> _Your instructions_: From the records that follow, return exactly the lines beginning at the one that contains "spare room featuring" and ending at the one that contains "Striped shirt on", pictures left out.

> _Material provided_:
******************************

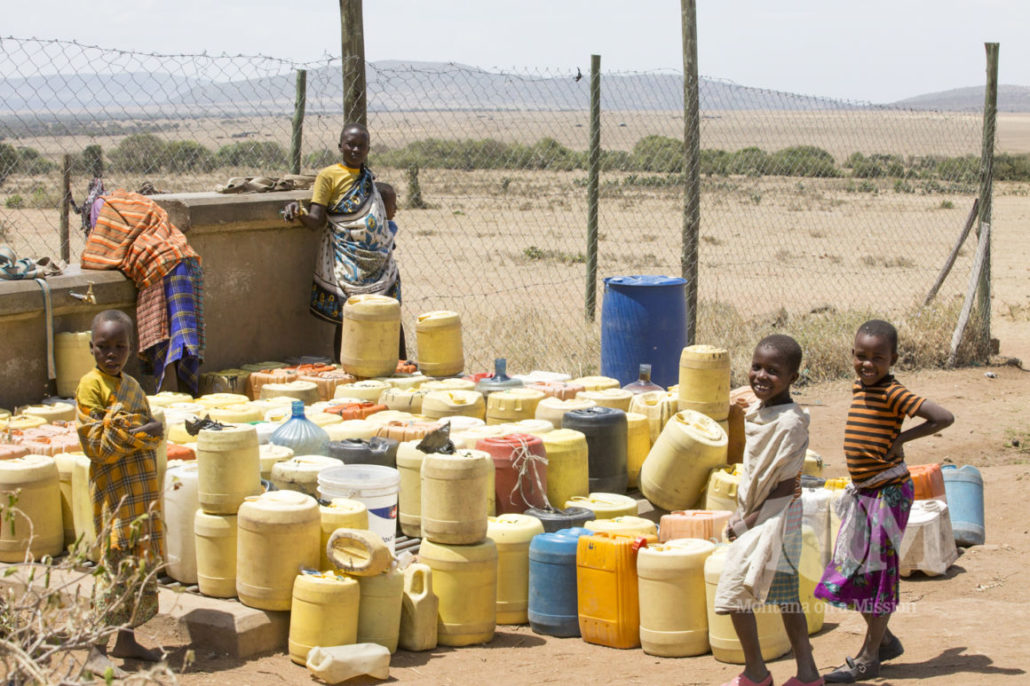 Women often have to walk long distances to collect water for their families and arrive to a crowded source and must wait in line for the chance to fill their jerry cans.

******************************

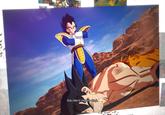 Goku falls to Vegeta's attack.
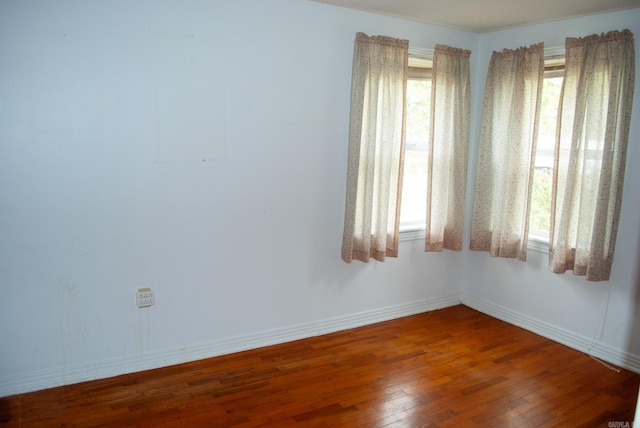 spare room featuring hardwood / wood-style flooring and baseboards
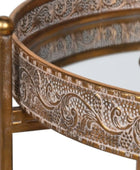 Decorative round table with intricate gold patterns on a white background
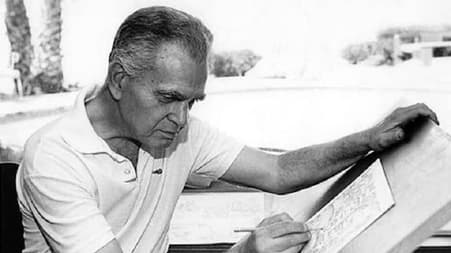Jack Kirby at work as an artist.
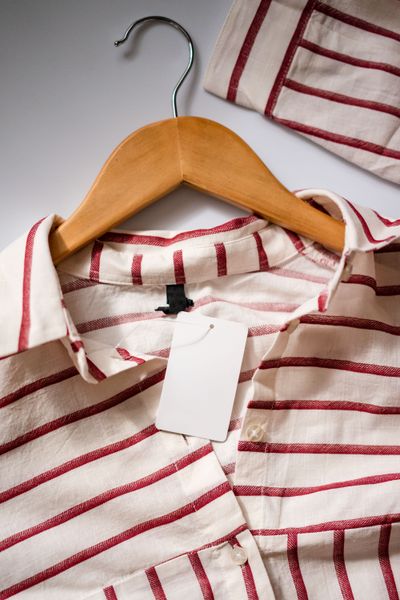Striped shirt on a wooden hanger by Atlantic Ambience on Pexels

******************************

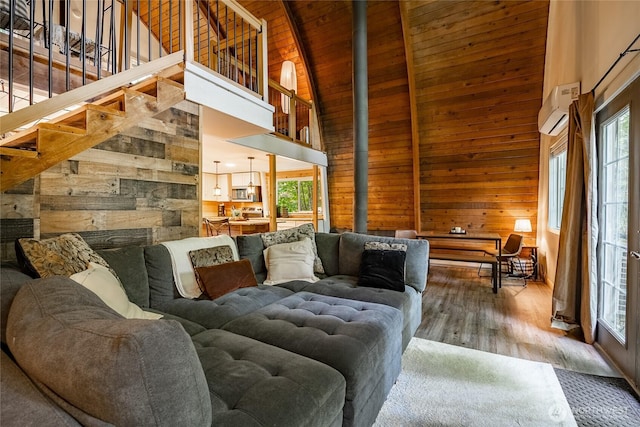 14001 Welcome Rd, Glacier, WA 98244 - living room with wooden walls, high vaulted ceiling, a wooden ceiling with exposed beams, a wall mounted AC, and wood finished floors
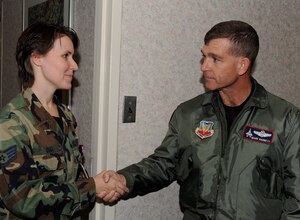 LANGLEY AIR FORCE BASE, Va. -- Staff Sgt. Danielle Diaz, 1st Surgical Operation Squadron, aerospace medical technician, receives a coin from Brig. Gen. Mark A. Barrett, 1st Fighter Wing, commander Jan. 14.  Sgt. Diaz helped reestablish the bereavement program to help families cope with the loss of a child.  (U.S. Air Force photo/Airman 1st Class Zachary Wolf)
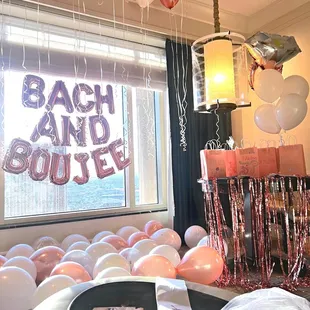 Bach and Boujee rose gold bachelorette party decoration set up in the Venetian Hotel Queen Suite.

******************************

> _Response_:
 spare room featuring hardwood / wood-style flooring and baseboards
 Decorative round table with intricate gold patterns on a white background
Jack Kirby at work as an artist.
Striped shirt on a wooden hanger by Atlantic Ambience on Pexels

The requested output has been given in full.